- **Problem statement**:
Your answer should be the lines below from the one holding "Geflochtenes Knotenkissen |" through the one holding "Yoek Blouse Jurk ACQUA - Groen", copied exactly and with nothing else.

Start of Material to process

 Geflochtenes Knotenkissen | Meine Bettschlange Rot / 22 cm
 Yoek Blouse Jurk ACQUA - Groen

End of Material to process
Start of Material to process

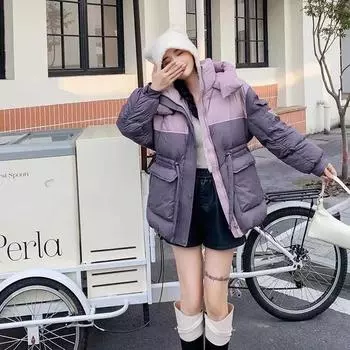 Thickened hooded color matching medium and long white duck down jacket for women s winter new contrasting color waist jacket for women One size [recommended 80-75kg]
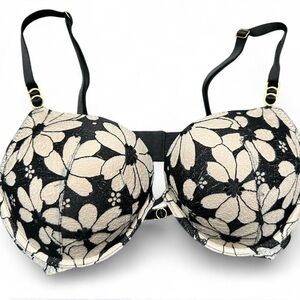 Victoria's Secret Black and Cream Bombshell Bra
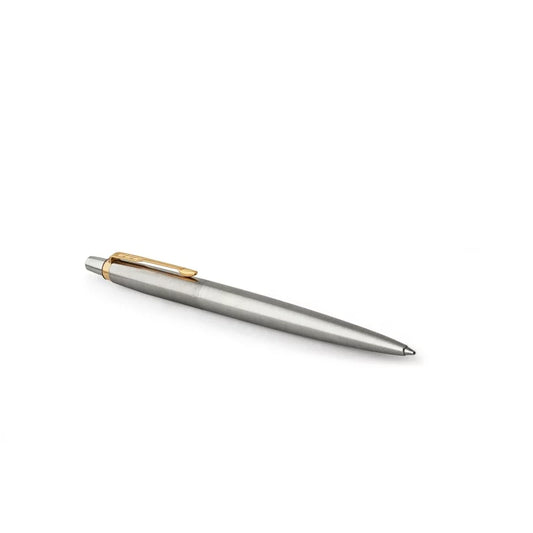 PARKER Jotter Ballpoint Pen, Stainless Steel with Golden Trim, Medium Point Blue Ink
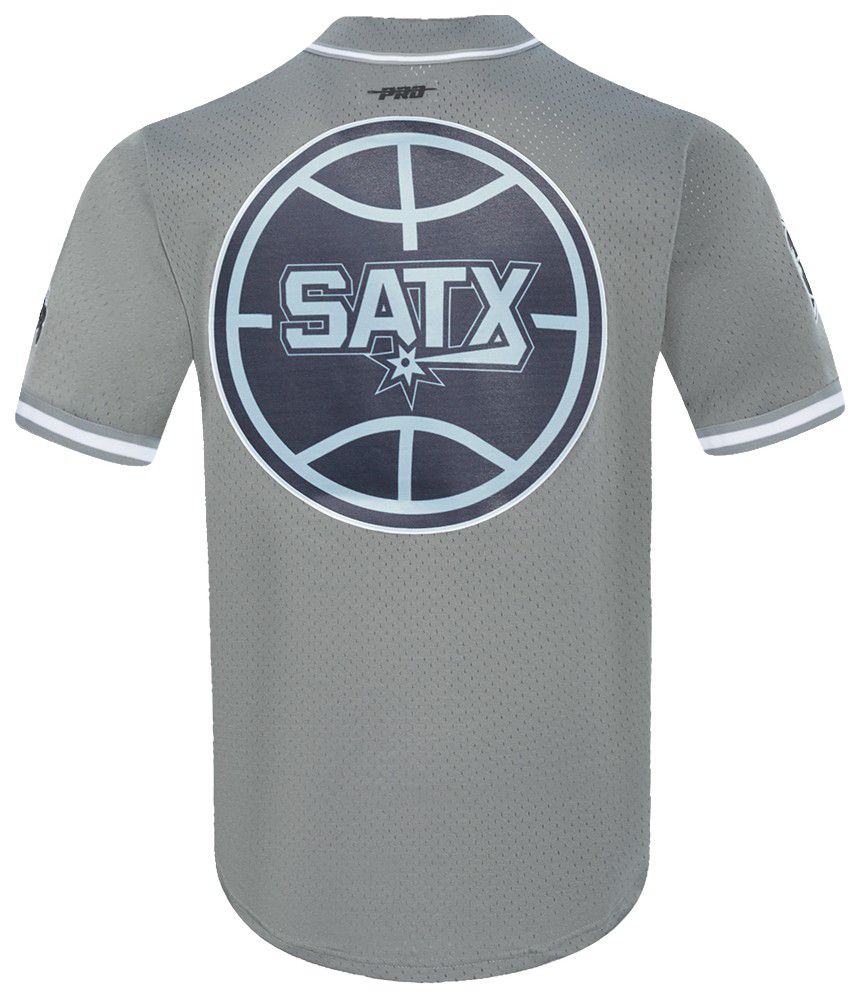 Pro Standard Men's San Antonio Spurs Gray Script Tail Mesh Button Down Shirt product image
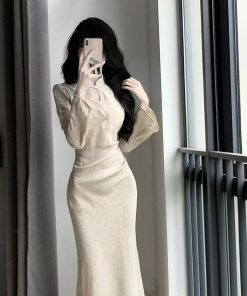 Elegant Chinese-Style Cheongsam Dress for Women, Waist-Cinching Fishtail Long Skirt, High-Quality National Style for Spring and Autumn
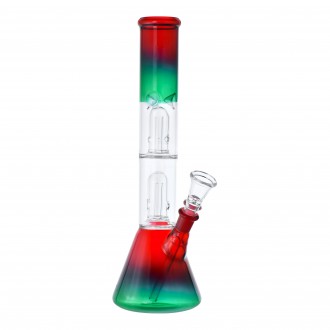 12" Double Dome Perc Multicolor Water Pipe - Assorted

End of Material to process

- **The answer**:
 Geflochtenes Knotenkissen | Meine Bettschlange Rot / 22 cm
 Yoek Blouse Jurk ACQUA - Groen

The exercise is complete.